Brandon Cedel made a notable Lyric Opera debut as Masetto in the 2019 Don Giovanni and he delivered a commanding performance as Jesus. The singer’s restless stage presence and forceful vocalism didn’t always convey otherworldly dignity but vocally Cedel’s dark bass-baritone brought firm and weighty authority to Jesus’s utterances.
With his mop of curly blond hair, Gwilym Bowen resembled the young Roger Daltrey, and the British singer’s high, flexible tenor proved ideal for the Evangelist. If his narration seemed a bit subdued in Part One, Bowen kept the intensity in reserve for the climactic scenes, delivering the account of Jesus’ suffering and crucifixion with wide expressive range and theatrical fervor.

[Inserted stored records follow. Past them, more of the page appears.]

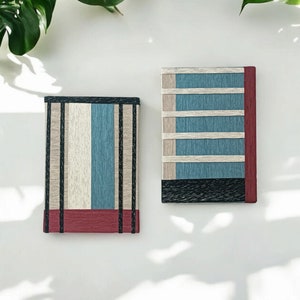 May include: Two decorative rectangular boxes with a striped pattern in shades of blue, white, black, and red. The boxes are on a white background.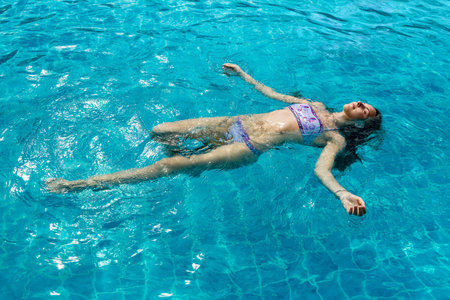 Beautiful young girl floating in pool on his back in hot summer day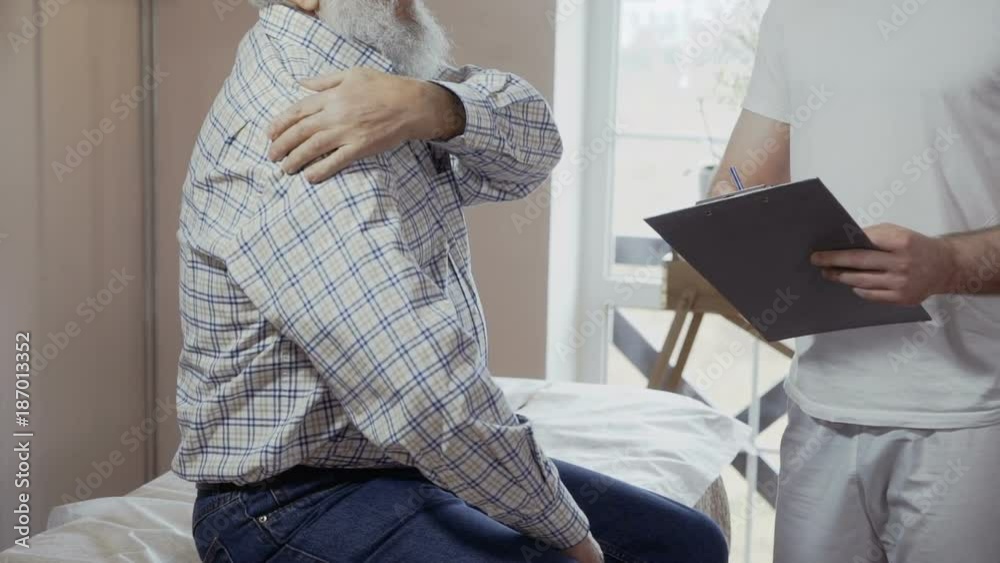 Senior man complain to doctor about pain in shoulder Senior man complain to doctor about pain in shoulder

The other soloists were largely on the same level.
Paul Appleby didn’t have that much to do but was hugely impressive in his opportunities. In “Ich will bei meinem Jesu wachen,” he sang with a vibrant and penetrating tenor and handled the challenging coloratura with consummate ease. MOB regular Roderick Williams deployed his warmly confiding baritone to fine consolatory effect in “Mache dich, mein Herze, rein.”

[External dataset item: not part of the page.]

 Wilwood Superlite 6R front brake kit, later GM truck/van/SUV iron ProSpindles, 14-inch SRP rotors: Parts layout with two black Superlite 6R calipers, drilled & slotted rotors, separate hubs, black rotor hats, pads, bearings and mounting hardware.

The two female voices were light-voiced in the modern Bach manner but proved worthy soloists. After some initial unease, Tess Altiveros brought a pure youthful tone and graceful singing to her arias. The young soprano seemed to grow in confidence and expressive depth as the evening went along and Altiveros was at her best in a sensitively rendered “Aus Liebe will mein Heiland sterben”
The alto soloist has some of the most inspired music in this work. Krisztina Szabo was largely up to the assignment though she had a few unsteady moments and seemed shaky in the more formidable coloratura passages. Still, the mezzo rose to the occasion when required, including a rapt rendering of “Erbarme dich,” which fully conveyed the stoic lamentation of the aria. Szabo also blended graciously with Altiveros in the duet “So ist mein Jesus nun gefangen.”

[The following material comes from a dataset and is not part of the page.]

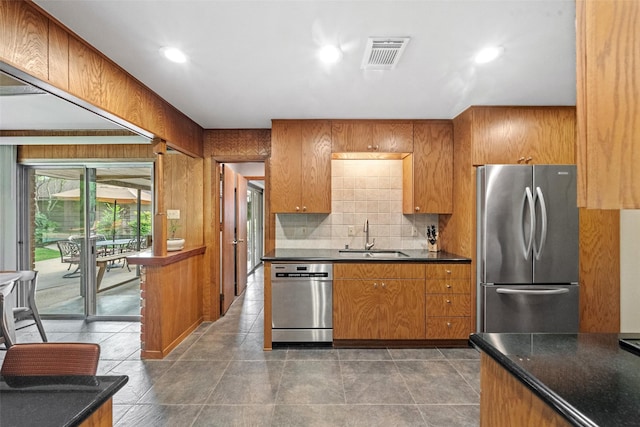 1710 Magnolia Ln, Kingwood, TX 77339 - kitchen featuring appliances with stainless steel finishes, a sink, brown cabinets, dark countertops, and backsplash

The orchestra—or orchestras—played with polish and tight-knit ensemble in their corporate guise and brought individual distinction to the numerous obbligato instrumental solos.
Under Andrew Megill, the MOB Chorus seems to be reaching a new artistic peak. Divided into two entities, the ensemble was superb all night, bringing daunting power to the big dramatic sections as well as a more nuanced degree of quiet dynamics. “Wir setzen uns mit Tränen nieder” concluded the evening with an inexorable and deeply moving sense of catharsis.
Chorus members handled the smaller solo roles adeptly, none more so than baritone Kevin Krasinski as a characterful Pontius Pilate.
The performance of Bach’s St. Matthew Passion will be available On Demand April 7 through May 5 at baroque.org.
Music of the Baroque closes its season May 7 and 8 with Jane Glover leading a program that includes Vanhal’s Symphony in G Minor, Sinfonia concertantes by Haydn and Dittersdorf, and Mozart’s Symphony No. 34.